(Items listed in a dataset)
=== Begin Enclosure ===
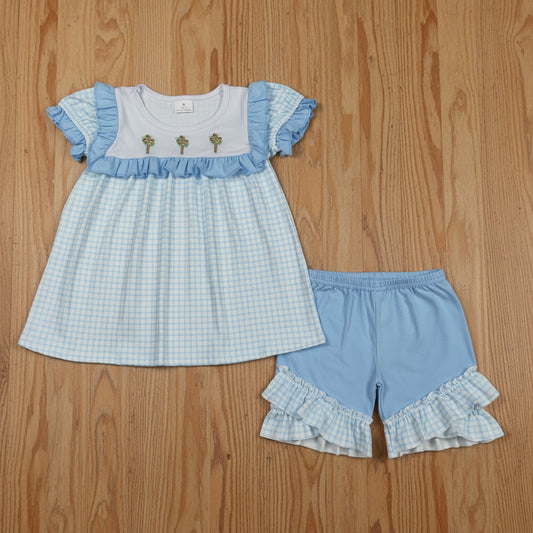 blue gingham easter cross embroidered girl shorts outfit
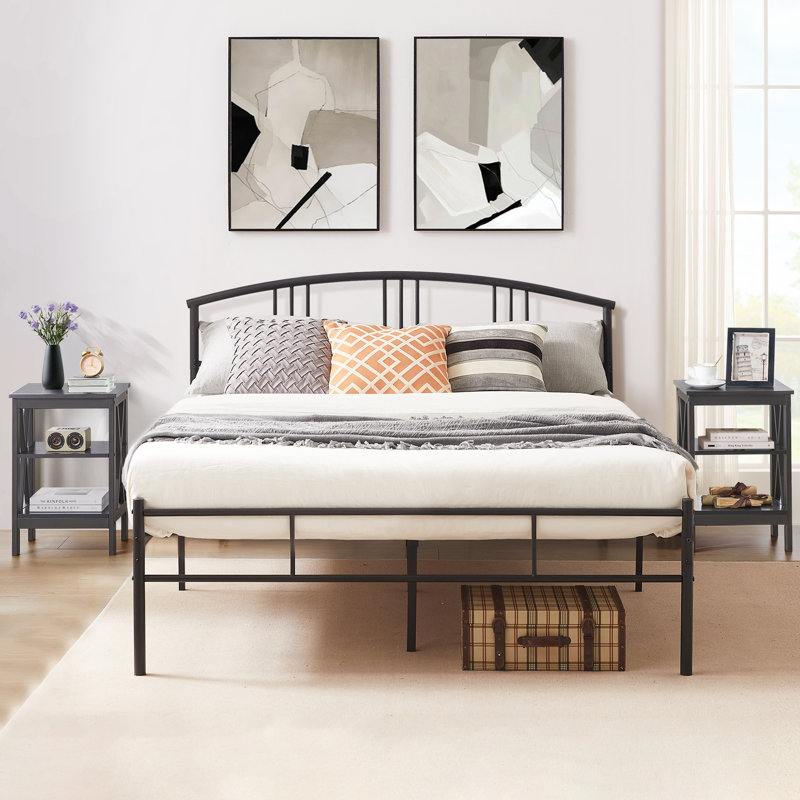 Full Metal Bed with 2 Black Nightstands – 3 Piece Modern Bedroom Set, Full, Black
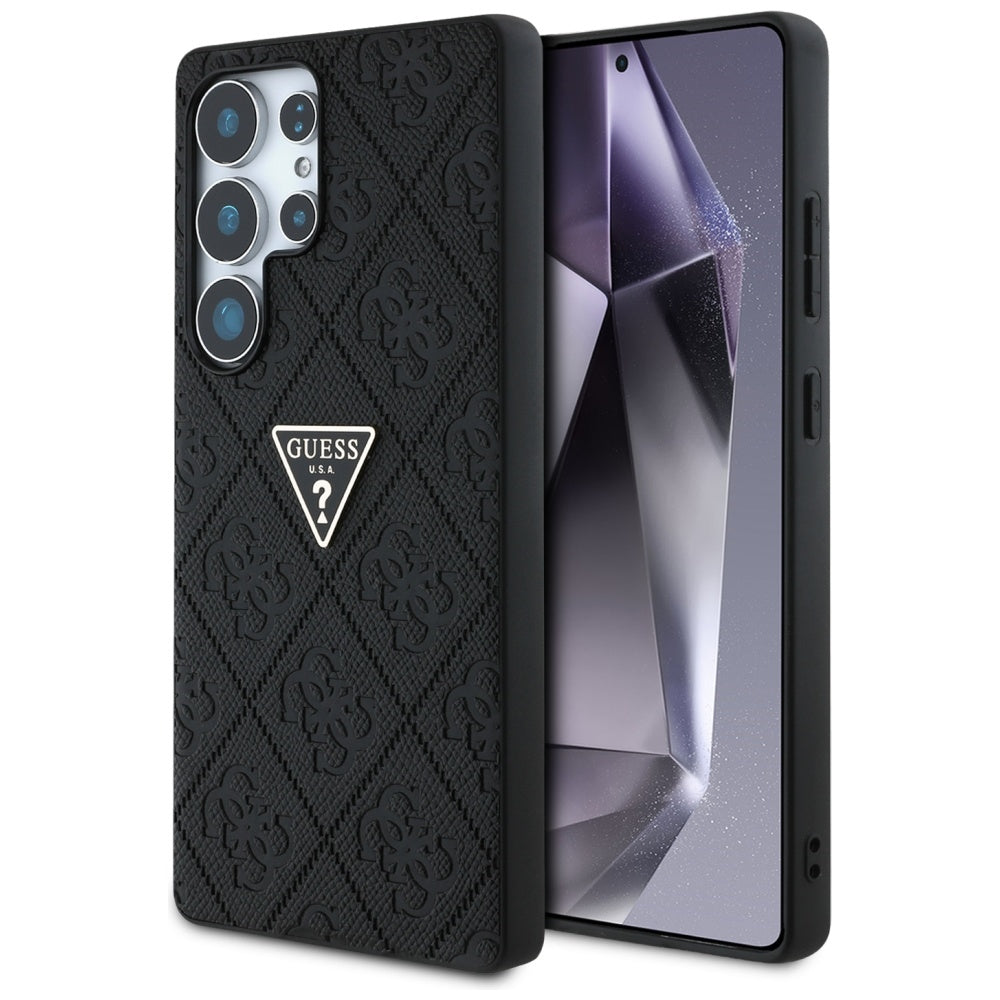 Калъф за Samsung Galaxy S25 Ultra S938, Guess, Grained Hot Stamp 4G Triangle, Черен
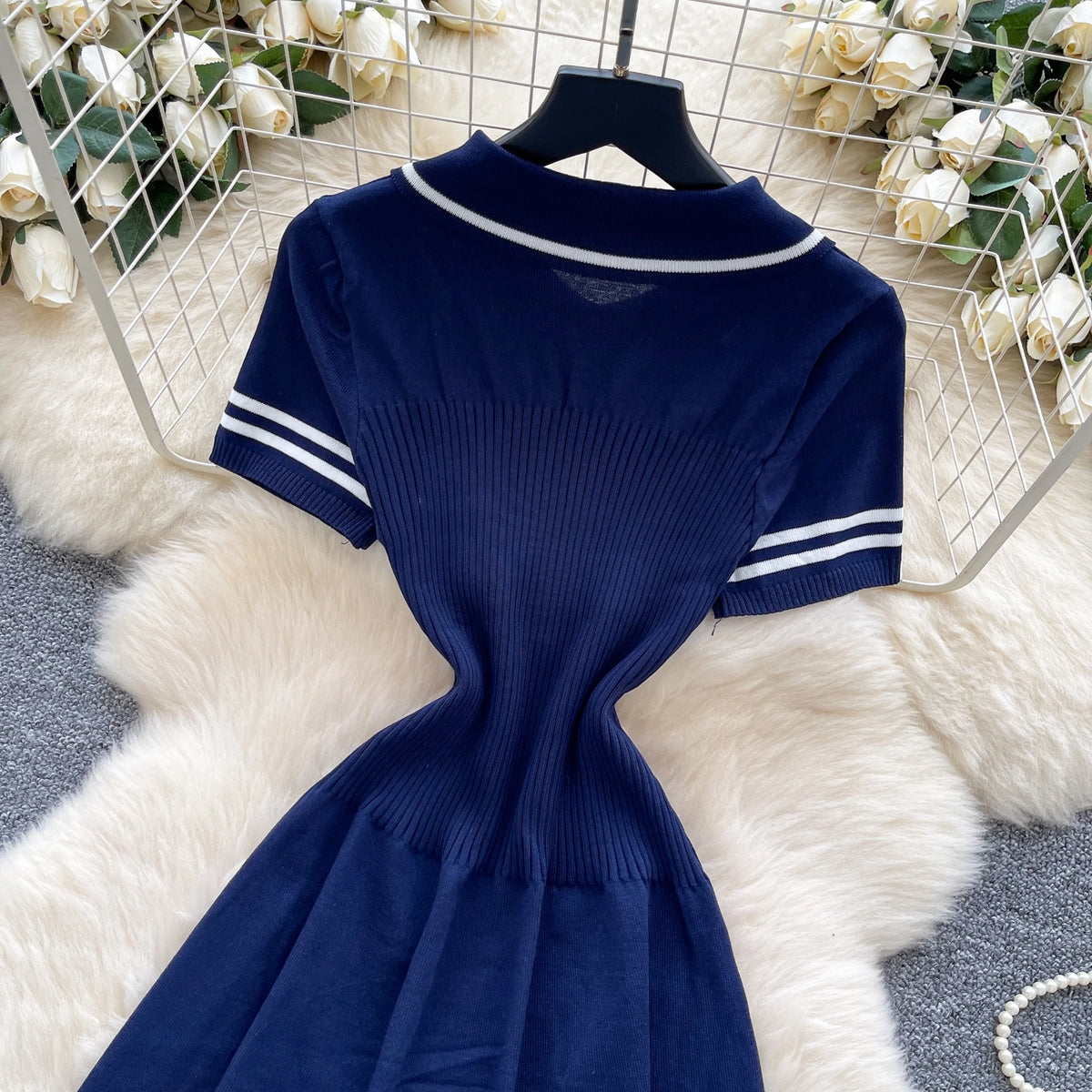 New Summer Women Sailor Collar Short Sleeve Knitted Dress Sundress Bow Lace Up Elatic Bodycon Pencil Vestidos Short Dress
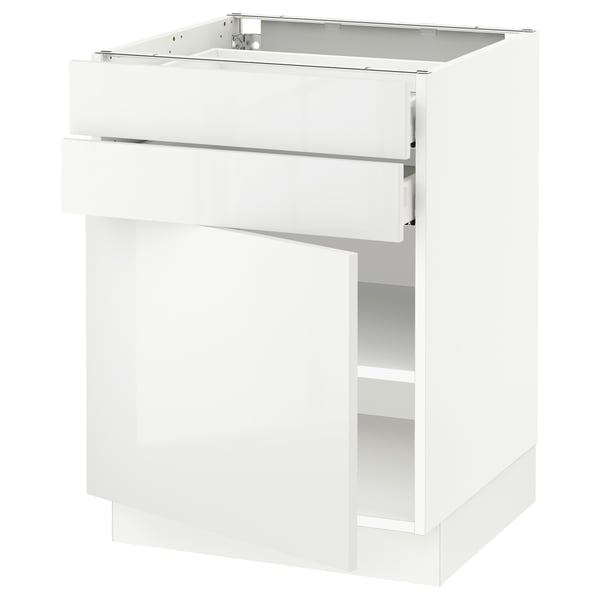 White kitchen cabinet with drawers and open shelf.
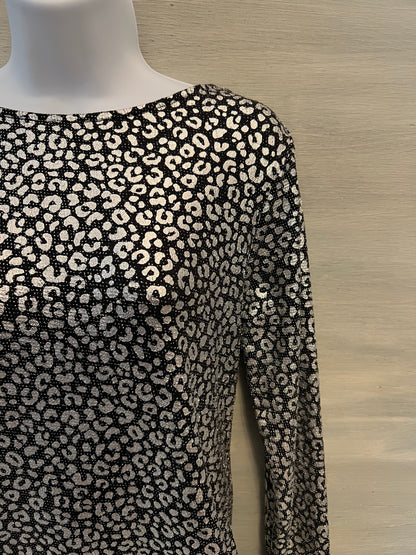Michael Michael Kors Black Metallic Silver Leopard Print Mini Dress Size 10 New with Tags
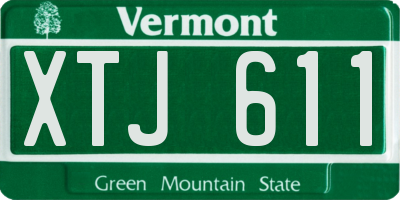 VT license plate XTJ611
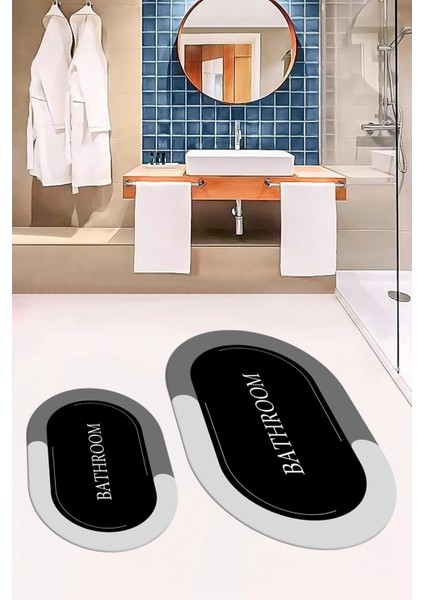 Dijital Baskılı Yıkanabilir Bathroom Yazılı Oval Banyo Paspası, Klozet-02-Siyah,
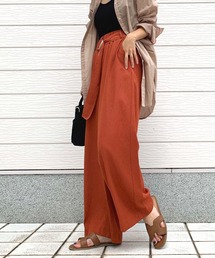 Q | レーヨンスラブDカンベルトワイドパンツ(その他パンツ)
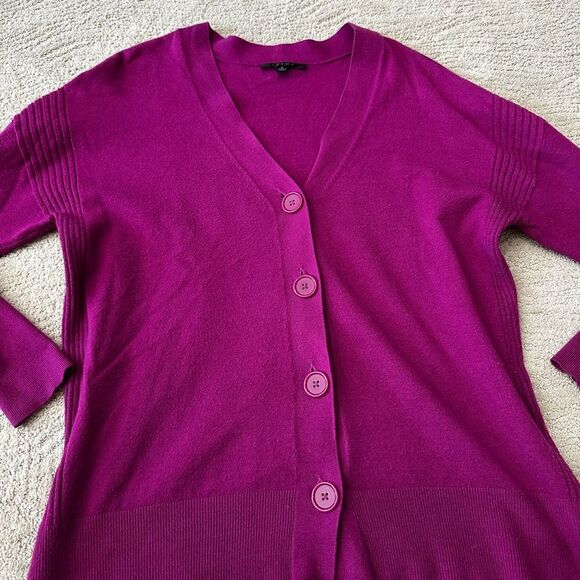 Cyrus Sweaters - Cyrus Purple Cardigan Sweater with V-Neck Design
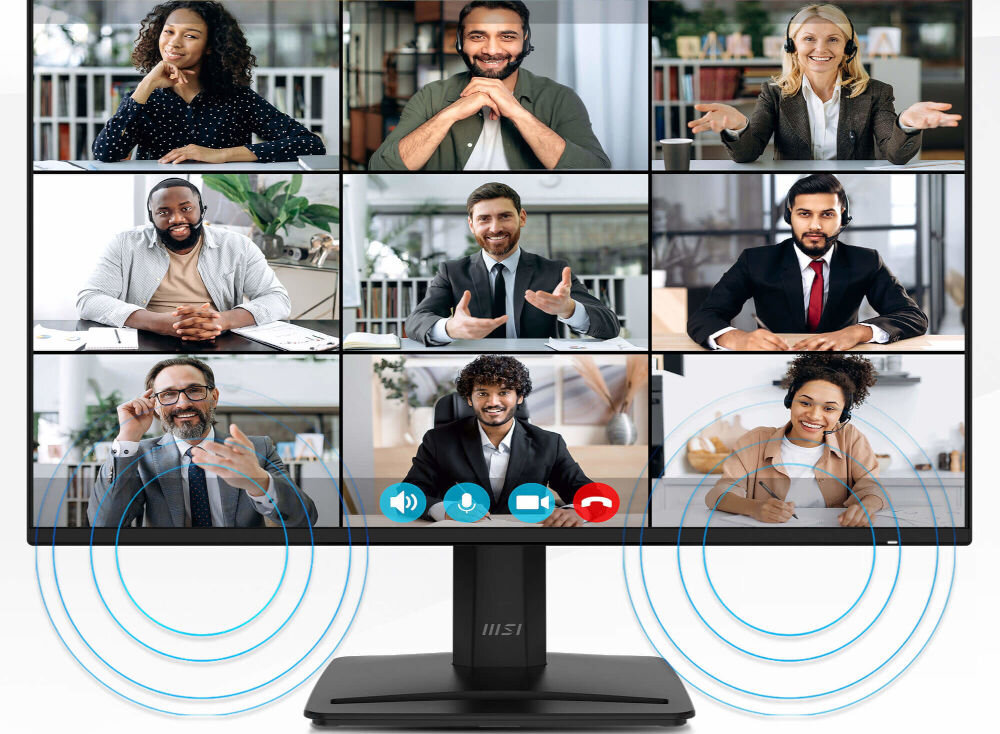 Monitor MSI Pro MP242A E2 23.8 cala 1920x1080px IPS 120Hz 1 ms [MPRT] wizualizacja działania głośników podczas wideokonferencji dwa głośniki 2W bez potrzeby podłączania dodatkowego sprzętu audio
=== End Enclosure ===
▸ TASK
Every line from the one holding "Michael Michael Kors" through the end of the records above must be reproduced verbatim, pictures excepted.

▸ RESULT OF THE EXERCISE
Michael Michael Kors Black Metallic Silver Leopard Print Mini Dress Size 10 New with Tags
 VT license plate XTJ611
 Dijital Baskılı Yıkanabilir Bathroom Yazılı Oval Banyo Paspası, Klozet-02-Siyah,
 Q | レーヨンスラブDカンベルトワイドパンツ(その他パンツ)
 Cyrus Sweaters - Cyrus Purple Cardigan Sweater with V-Neck Design
 Monitor MSI Pro MP242A E2 23.8 cala 1920x1080px IPS 120Hz 1 ms [MPRT] wizualizacja działania głośników podczas wideokonferencji dwa głośniki 2W bez potrzeby podłączania dodatkowego sprzętu audio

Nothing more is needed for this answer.